____ Dataset content

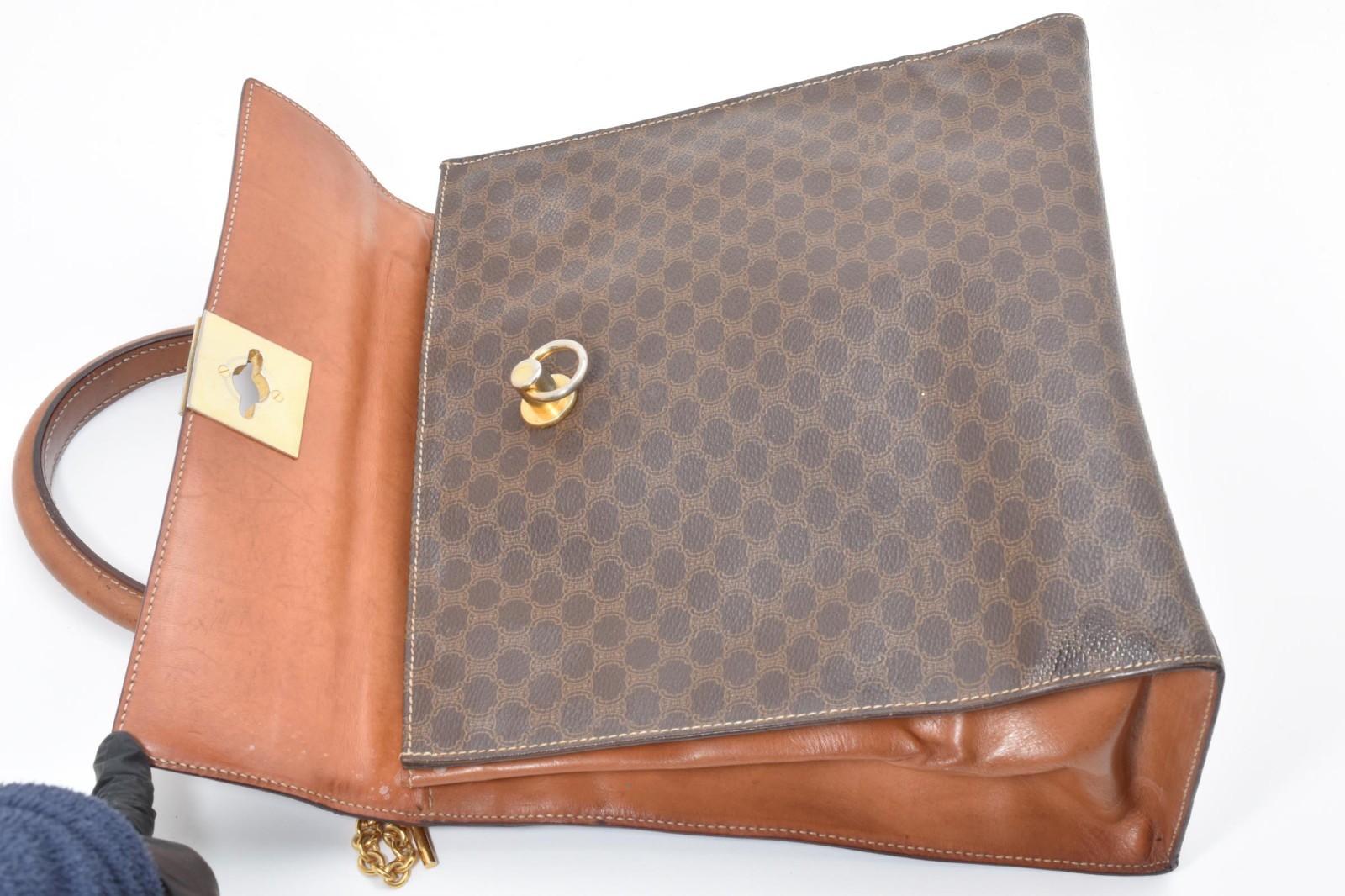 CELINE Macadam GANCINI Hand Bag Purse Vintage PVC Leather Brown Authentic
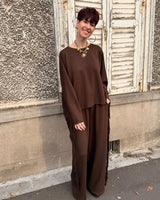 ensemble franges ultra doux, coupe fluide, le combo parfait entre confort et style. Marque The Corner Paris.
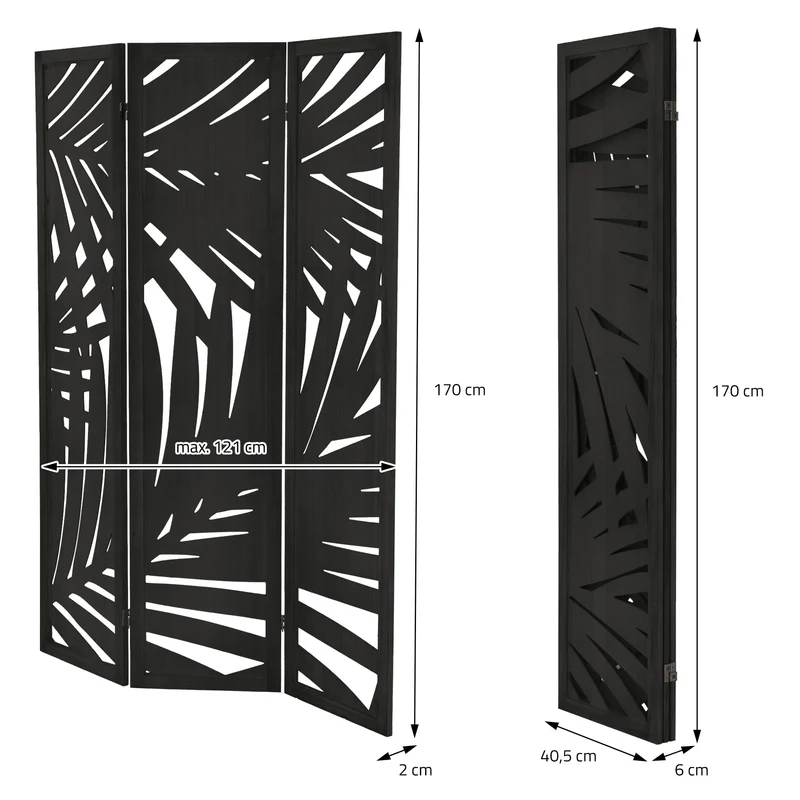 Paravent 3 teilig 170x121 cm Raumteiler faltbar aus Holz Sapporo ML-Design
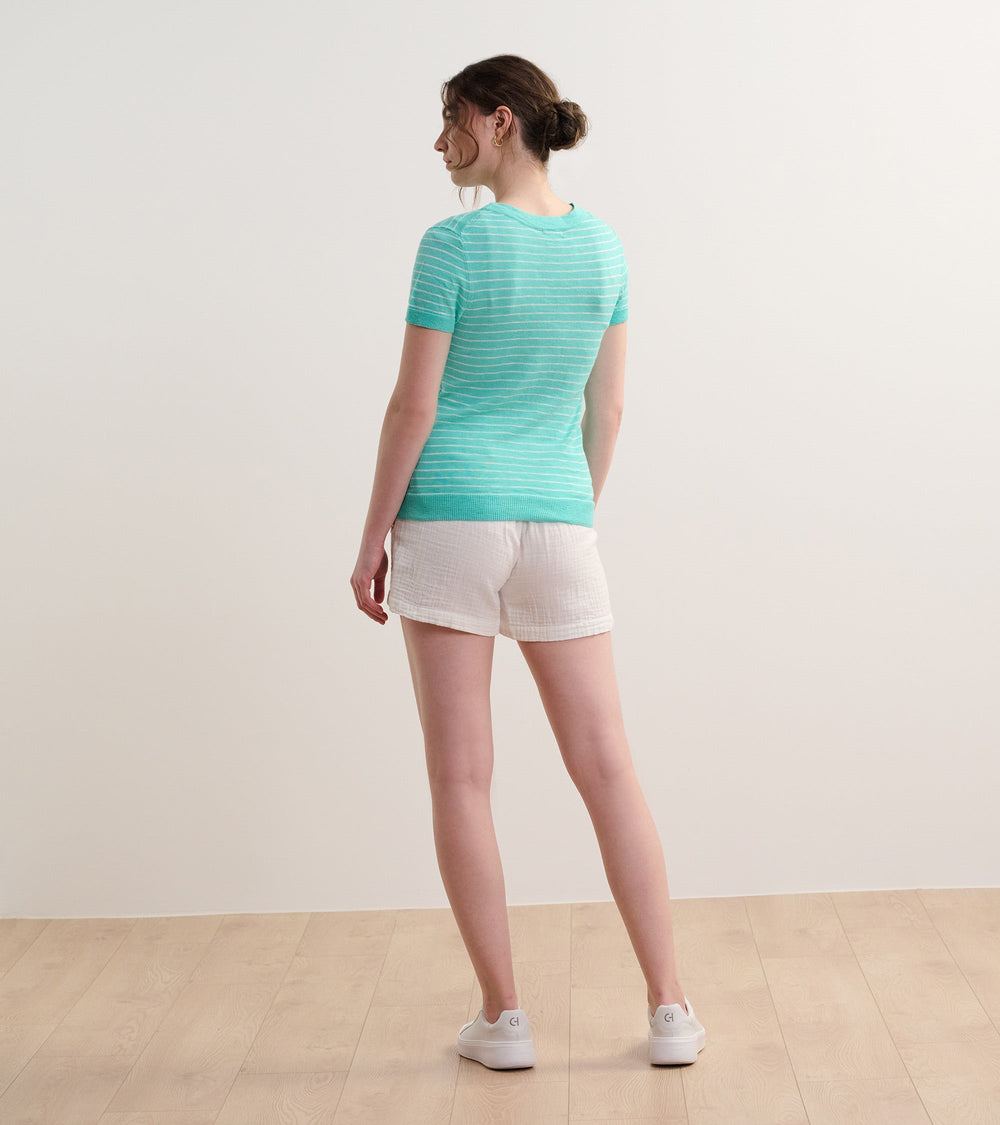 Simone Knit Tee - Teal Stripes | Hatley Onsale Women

________

Give back an exact copy of the material above, omitting the pictures.

* **Response to the task**:
 CELINE Macadam GANCINI Hand Bag Purse Vintage PVC Leather Brown Authentic
 ensemble franges ultra doux, coupe fluide, le combo parfait entre confort et style. Marque The Corner Paris.
 Paravent 3 teilig 170x121 cm Raumteiler faltbar aus Holz Sapporo ML-Design
 Simone Knit Tee - Teal Stripes | Hatley Onsale Women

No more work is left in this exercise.